TileFusion approaches the efficient implementation of a kernel by:

  1. Managing dataflow over memory hierarchies.
  2. Configuring tile primitives, such as tile shapes, layouts, and other parameters.

101 GEMM Example

This is an example of a simple GEMM (General Matrix Multiplication) kernel written using TileFusion. For the complete example, please refer to this directory.

Configuration of the Tile Primitives

The core programming constructs in TileFusion are Tile, TileLayout, TileIterator, Loader, and Storer.

  1. Declare the Tile: GlobalTile and RegTile are utilized to customize the shape and layout of 1D (vector) or 2D (matrix) arrays within the GPU’s three memory hierarchies, known as a Tile.
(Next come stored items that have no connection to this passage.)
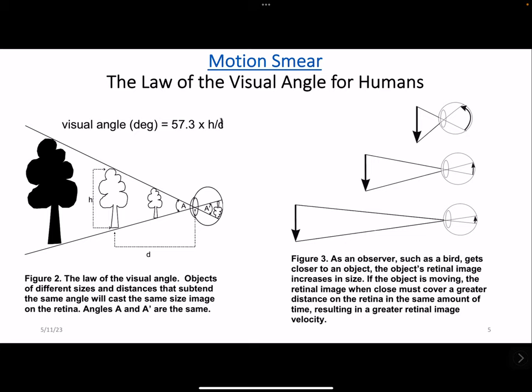An object of an unchanging size will cast a retinal image whose size is dependent on the distance. As the bird approaches the rotor blades, the size of the blade's retinal image increases, just as a photographic image increases in size as the camera approaches the subject. On the right, you see the larger arrow at the top and the smaller arrow at the bottom, related to the distance.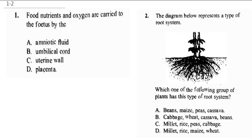Welcome to KCP Eat Science. Question 1 says: food nutrients and oxygen are carried to the fetus by?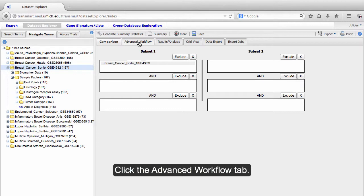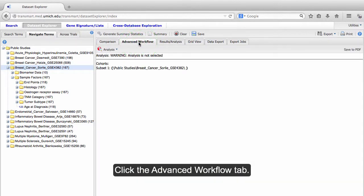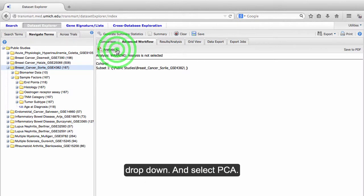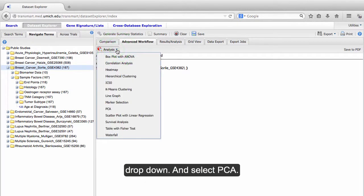Click the Advanced Workflow tab. You will see a button labeled Analysis. Click the button to open a dropdown, and select PCA.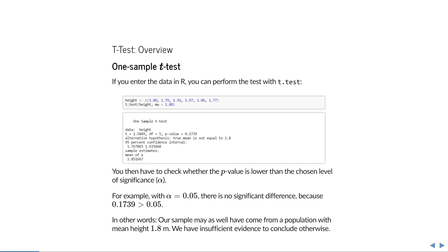If you enter the data in R, you can perform the test using the function t.test, and the output will look like shown below. What you have to do is check whether the p-value is lower than the chosen level of significance alpha. For example, with the commonly used value of alpha = 0.05, we would conclude that there is no significant difference, because in our case the p-value is about 0.1739, which is larger than 0.05.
  2. Declare the TileIterator: Partition the GlobalTile into smaller, manageable sub-tiles for efficient processing.

  3. Declare Loader and Storer: Loaders and Storers use cooperative threads to transfer a tile from the source to the target location. They operate at the CTA level and accept the following inputs:

    • Warp Layout
    • Target Tile
    • Source Tile

    Based on these parameters, they automatically infer a copy plan that partitions the data transfer work among the threads.
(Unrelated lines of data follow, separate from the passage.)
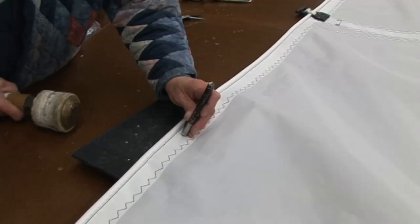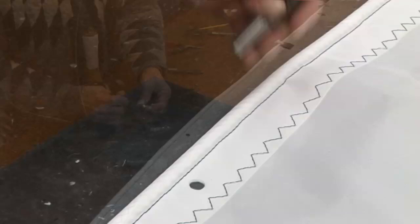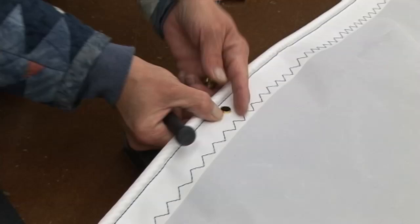This mainsail calls for slugs installed along the luff, so we're going to punch a hole for the installation of a spur grommet. We're using a hole cutter and then installing a number two spur grommet.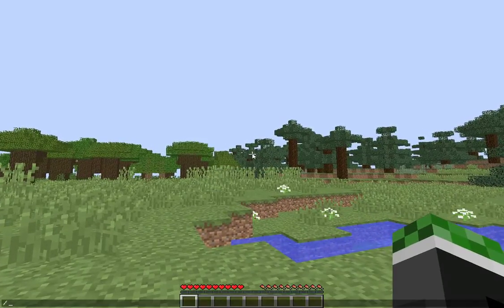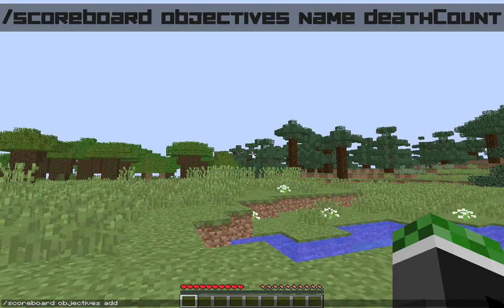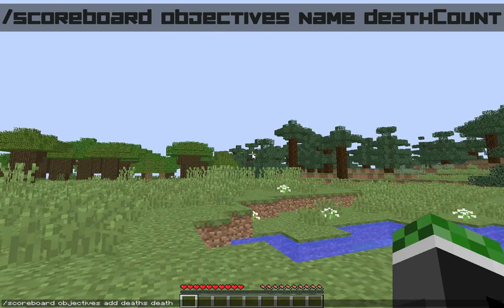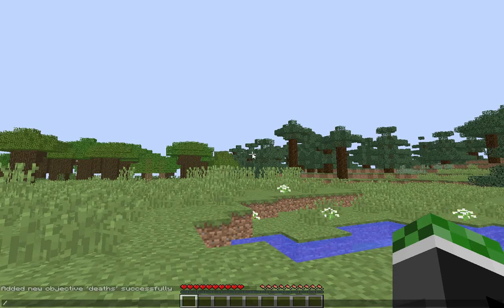It's really simple. It's actually just two commands. You're going to do slash scoreboard objectives add, and whatever title you want. I'm going to put deaths, and you're going to want to put deathCount. Make sure this is lowercase, and this is capital. Added successfully.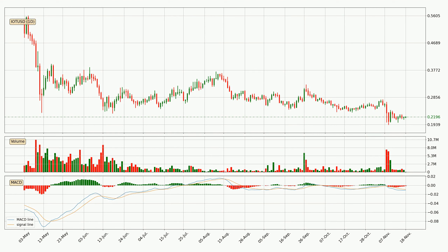Jumping to the daily MACD, the trend is currently going down because the MACD line is below the signal line. However, the MACD histogram shows that the momentum is currently shifting to the upside, and it could be expected that the price will consolidate for some time. You should wait to see if the MACD line will cross the signal line, which will be bullish.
using WarpLayout = RowMajor<2, 2>;

// operand A
using GlobalA = GlobalTile<InType, RowMajor<128, 256>>;
using IteratorA = TileIterator<GlobalA, TileShape<128, 32>>;
using RegA = RegTile<BaseTileRowMajor<__half>, RowMajor<8, 8>>;
using ALoader = GlobalToRegLoader<RegA, WarpLayout, kRowReuseCont>;

// operand B
using GlobalB = GlobalTile<InType, ColMajor<256, 64>>;
using IteratorB = TileIterator<GlobalB, TileShape<32, 64>>;
using RegB = RegTile<BaseTileColMajor<__half>, ColMajor<8, 4>>;
using BLoader = GlobalToRegLoader<RegB, WarpLayout, kColReuseCont>;

// output C
using GlobalC = GlobalTile<AccType, RowMajor<128, 64>>;
using RegC = RegTile<BaseTileRowMajor<float>, RowMajor<8, 8>>;
using CStorer = RegToGlobalStorer<GlobalC, RegC, WarpLayout>;

To simplify the demonstration, this example involves only two memory levels: global memory and registers. TileFusion also applies similar concepts to SharedTile.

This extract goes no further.